» Exercise directions:
Dropping every picture, set down exactly the lines in the entries below, starting with the line with "The Prohibition Era: Unveiling" and going on through the line with "On-Site Citrus Grove Views".

» Given data:

= Beginning of Section =

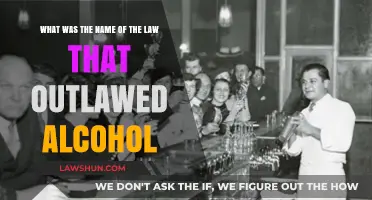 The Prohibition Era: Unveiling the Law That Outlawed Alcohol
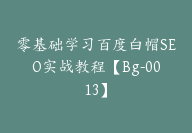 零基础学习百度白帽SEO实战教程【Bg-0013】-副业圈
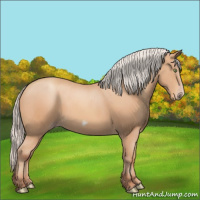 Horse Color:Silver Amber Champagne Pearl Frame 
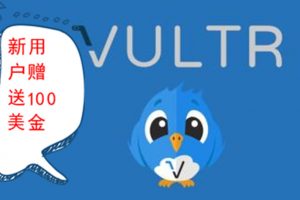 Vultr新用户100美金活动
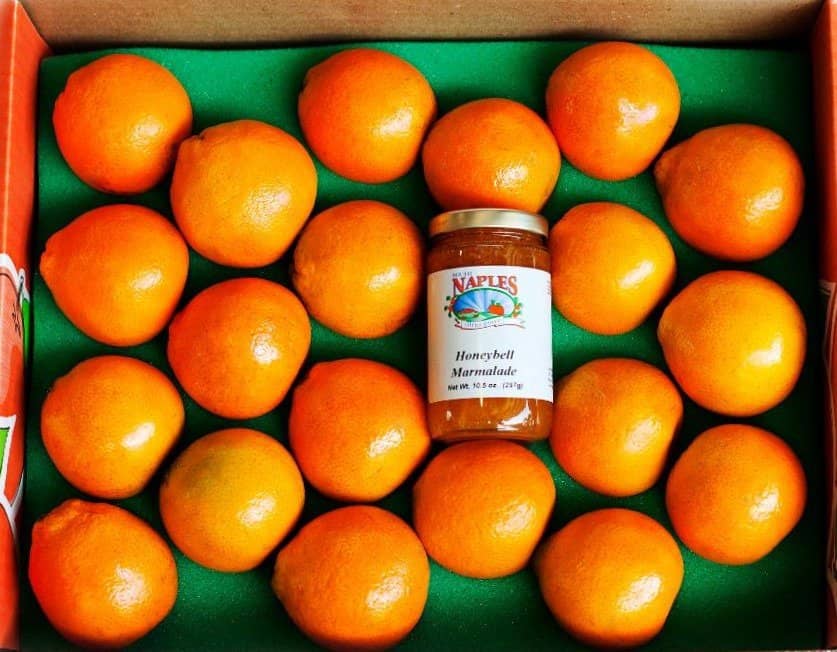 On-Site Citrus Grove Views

= End of Section =
= Beginning of Section =

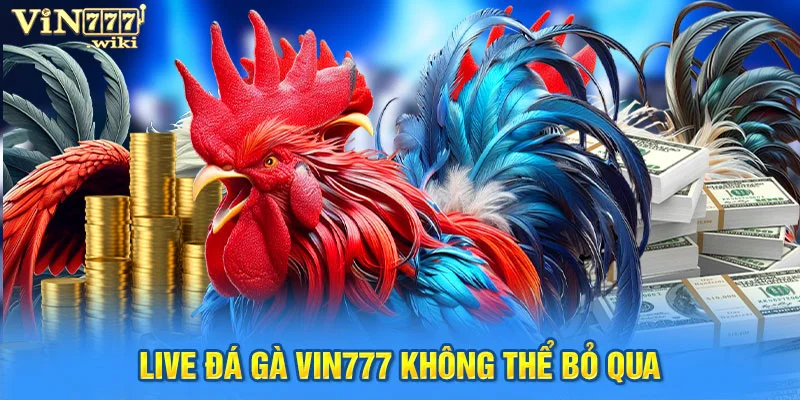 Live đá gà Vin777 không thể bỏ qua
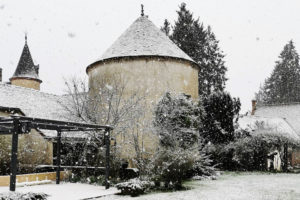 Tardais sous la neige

= End of Section =

» Finished exercise:
 The Prohibition Era: Unveiling the Law That Outlawed Alcohol
 零基础学习百度白帽SEO实战教程【Bg-0013】-副业圈
 Horse Color:Silver Amber Champagne Pearl Frame 
 Vultr新用户100美金活动
 On-Site Citrus Grove Views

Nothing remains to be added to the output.